How to define the following expression as matrix multiplication?
$$-\sum_{i=1}^n\left[\mid e_i\mid-\exp(\sum_{j=0}^p \gamma_j X_{ij})\right]\exp(\sum_{j=0}^p \gamma_j X_{ij})X_{i.}$$
X is a matrix, e and γ are vectors
$$X_{n,p+1}$$ $$e_{n,1}$$ $$\gamma_{p+1,1}$$
For typing convenience, define the vectors $$\eqalign{ &u\in{\mathbb R}^{n},\qquad &v\in{\mathbb R}^{p+1},\qquad &y=\gamma \\ &a=|e|,\qquad &b=\exp(Xy),\qquad &c=(b-a)\odot b \\ }$$ where $\odot$ denotes the elementwise product, the exponential function is applied elementwise, and $(u,v)$ are vectors with all elements equal to ${\tt1}$.

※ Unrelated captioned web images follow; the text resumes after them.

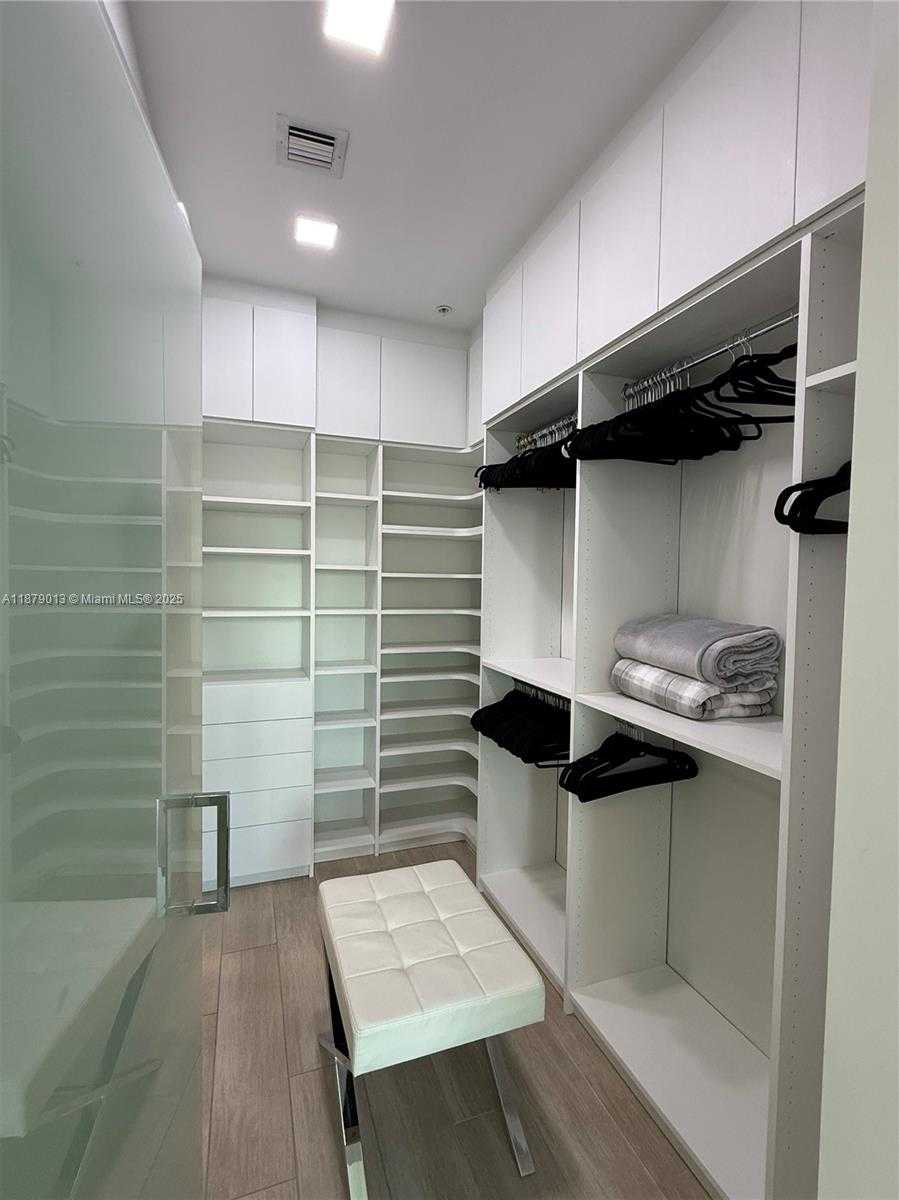 Small Image of 1600 SOUTH WEST 1ST AVE #409, Miami Number 13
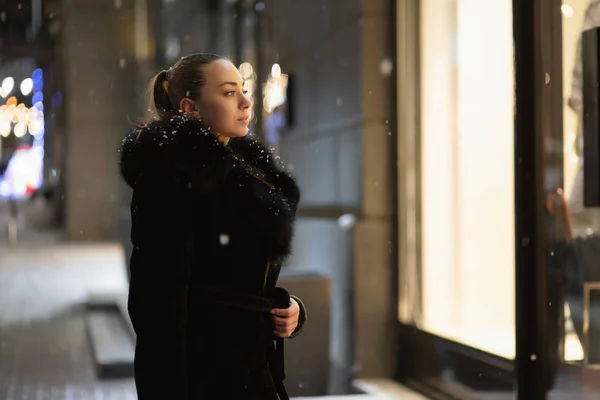 Jonge Vrouw Winter Jas Straat — Stockfoto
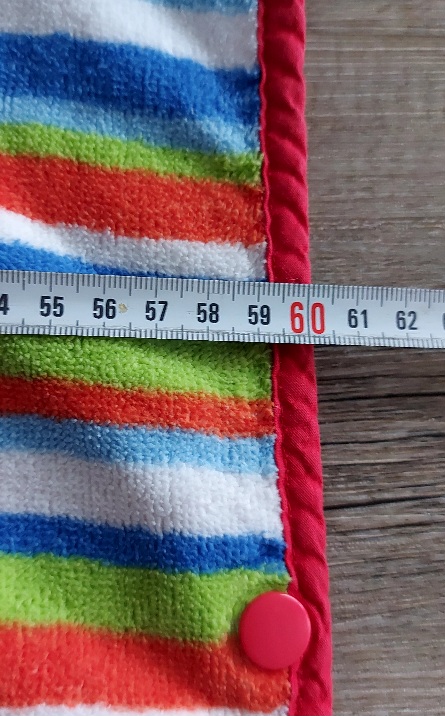 Pásikavé pončo, 104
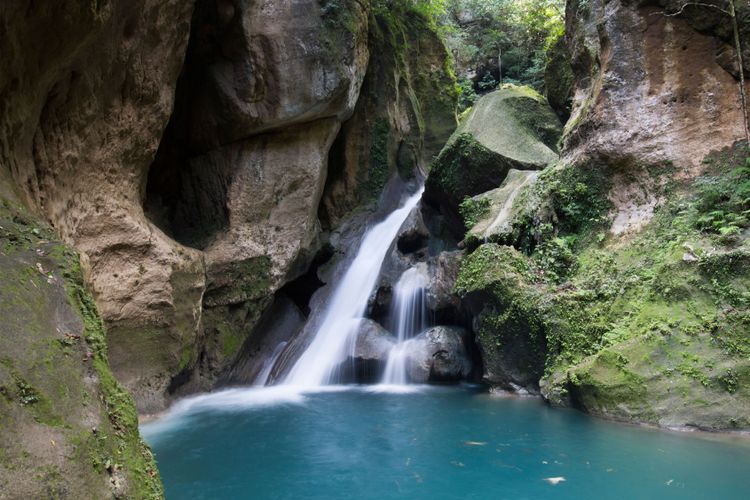 Kolam kebiruan di Bassin Bleu. Menurut mitologi setempat, air terjun ini dihuni oleh peri misterius.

Write the function in terms of these new vectors, then reduce. $$\eqalign{ f^T &= u^T\Big(cv^T\odot X\Big) \\ &= u^T\Big(\operatorname{Diag}(c)\,X\,\operatorname{Diag}(v)\Big) \\ &= c^TX\,I \\ f&= X^Tc \\ &= X^T\Big[(b-a)\odot b\Big] \\ &= X^T\Big[\big(\exp(Xy)-|e|\big)\odot\exp(Xy)\Big] \\ }$$ where $I\in{\mathbb R}^{(p+1)\times(p+1)}$ is the identity matrix and $f\in{\mathbb R}^{p+1}$.
Update
Based on your comments, you have the scalar function $$\eqalign{\phi &= \tfrac{1}{2}(b-a):(b-a)\qquad\big({\rm Frobenius\,Product}\big)}$$ and you wish to calculate its gradient and hessian. So let's do that. $$\eqalign{ d\phi &= (b-a):db \\ &= (b-a):(b\odot X\,dy) \\ &= b\odot(b-a):X\,dy \\ &= c:X\,dy \\ &= X^Tc:dy \\ g=\frac{\partial\phi}{\partial y} &= X^Tc \qquad\big({\rm Gradient}\big) \\ }$$ Now let's calculate the hessian. $$\eqalign{ dg &= X^Tdc \\ &= X^T\big((2b-a)\odot db\big) \\ &= X^T\big((2b-a)\odot b\odot X\,dy\big) \\ &= X^T(2B-A)BX\,dy \\ H=\frac{\partial g}{\partial y} &= X^T(2B-A)BX \qquad\big({\rm Hessian}\big) \\ }$$ where $\,A=\operatorname{Diag}(a),\,B=\operatorname{Diag}(b)$.